**EXERCISE BRIEF:** The material below holds pictures; leave them out, and copy exactly, and only, the lines from the one with "Hallux Valgus-Korrektur für" through the last.

BEGIN

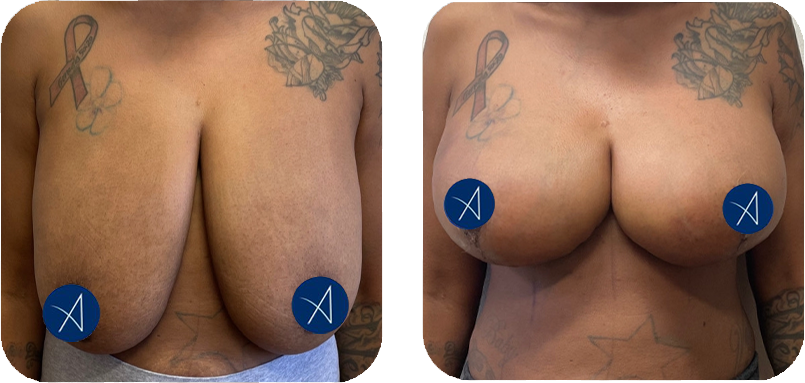 breast-lift-before-after-3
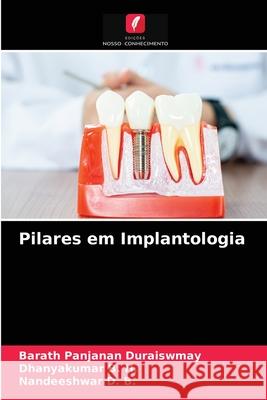 Pilares em Implantologia Duraiswmay, Barath Panjanan, B. H., Dhanyakumar, D. B., Nandeeshwar 9786203241372 Edicoes Nosso Conhecimento - książka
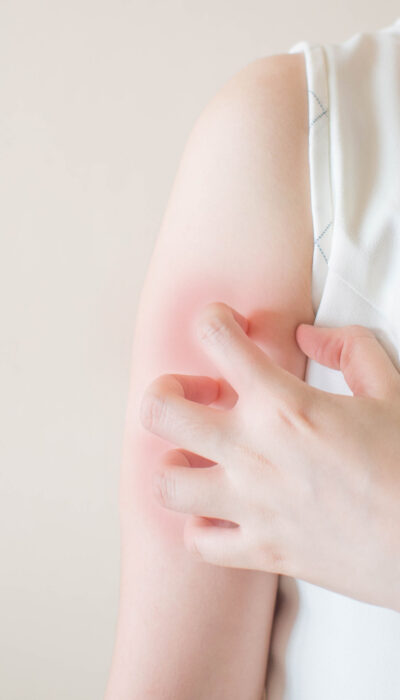 Treatment Options For Psoriasis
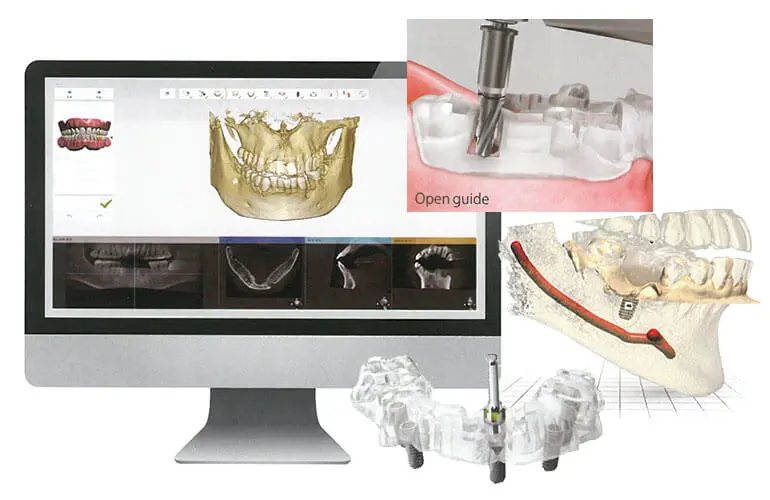 ガイドシステム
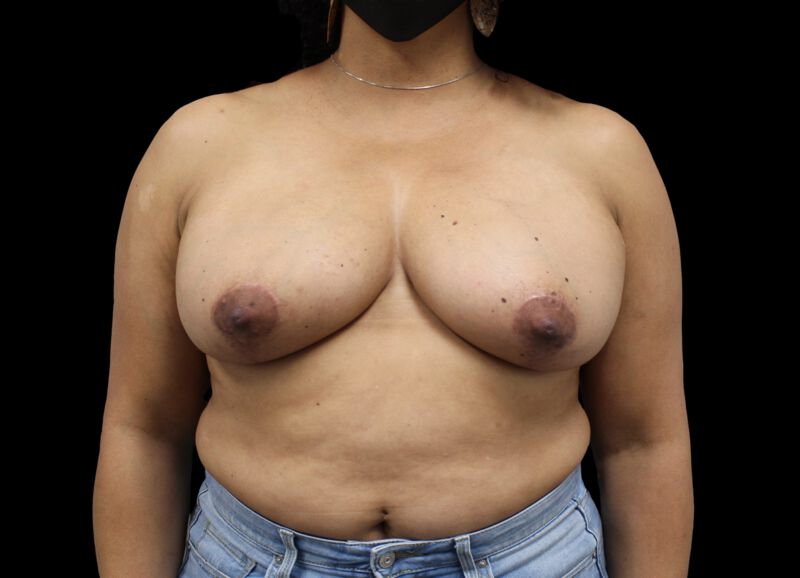 Oncoplastic Surgery Before & After Image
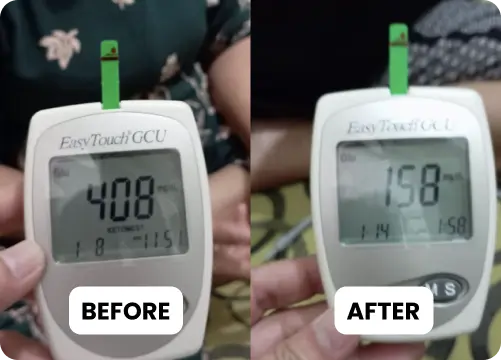 before after Rosmiati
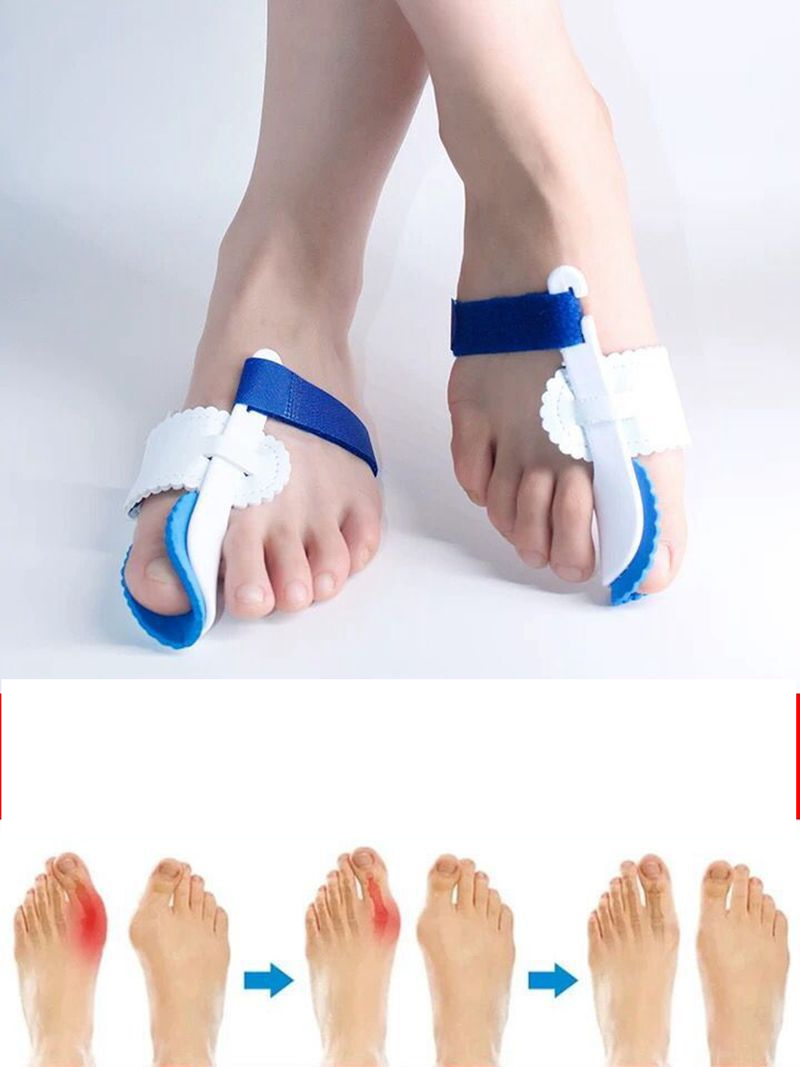 Hallux Valgus-Korrektur für den großen Zeh, Hallux-Valgus-Korrektur, Inversion des großen Zehs, geteilter Zeh, Männer und Frauen, blaue Kunststoffhalterung_voghion.com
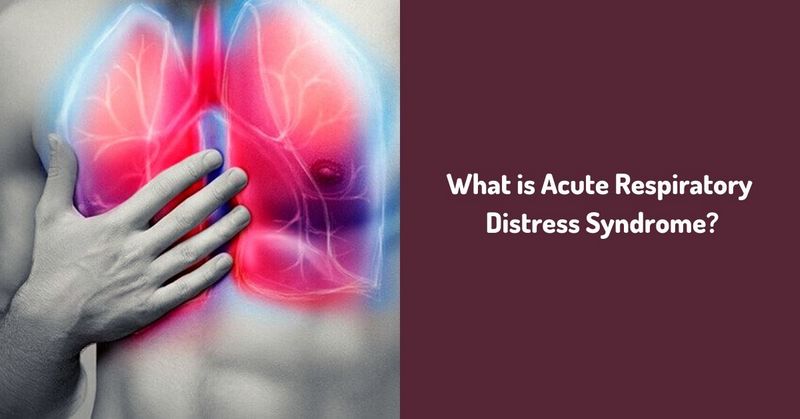 What is Acute Respiratory Distress Syndrome_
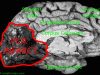 Posterior cerebral artery infarct, mid sagittal section of cerebral hemisphere, Labeled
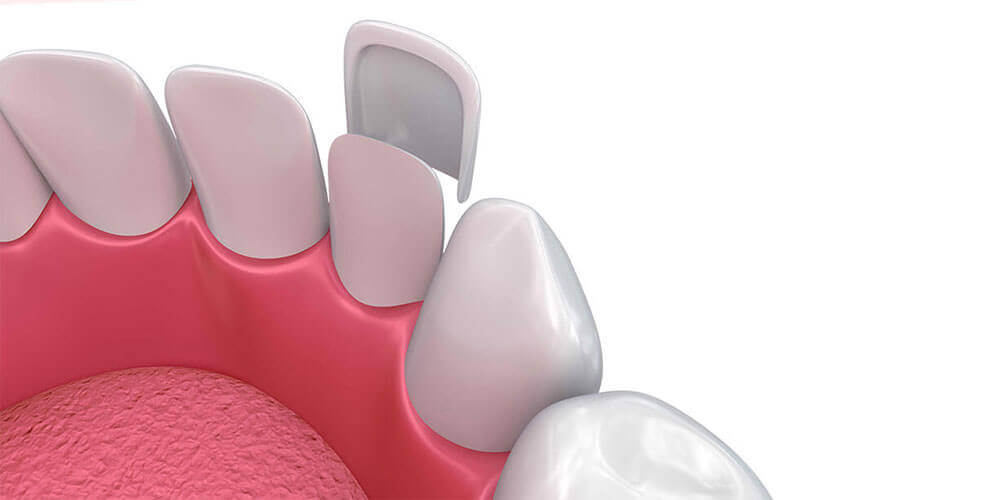 Dental Veneers Carleton Place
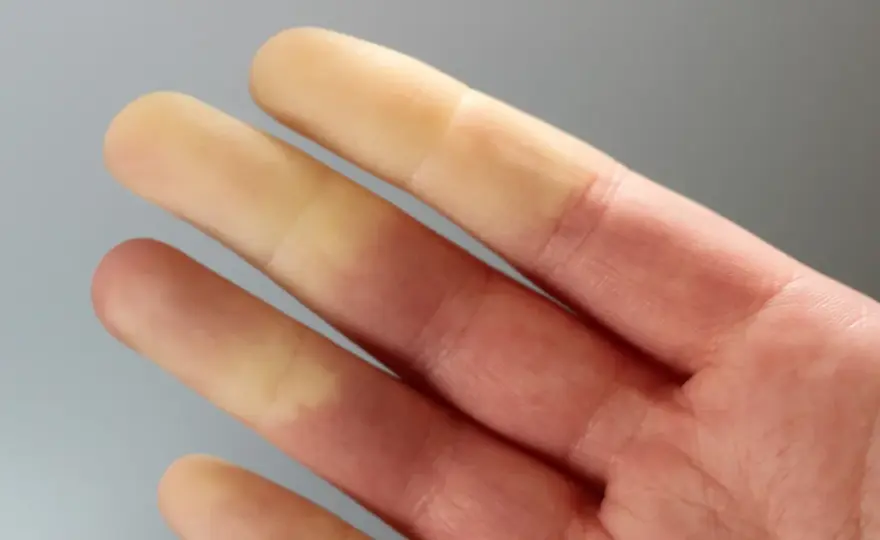Zespół Raynauda - Kiedy zimne palce to coś więcej?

END

**WRITTEN RESPONSE:**
 Hallux Valgus-Korrektur für den großen Zeh, Hallux-Valgus-Korrektur, Inversion des großen Zehs, geteilter Zeh, Männer und Frauen, blaue Kunststoffhalterung_voghion.com
 What is Acute Respiratory Distress Syndrome_
 Posterior cerebral artery infarct, mid sagittal section of cerebral hemisphere, Labeled
 Dental Veneers Carleton Place
Zespół Raynauda - Kiedy zimne palce to coś więcej?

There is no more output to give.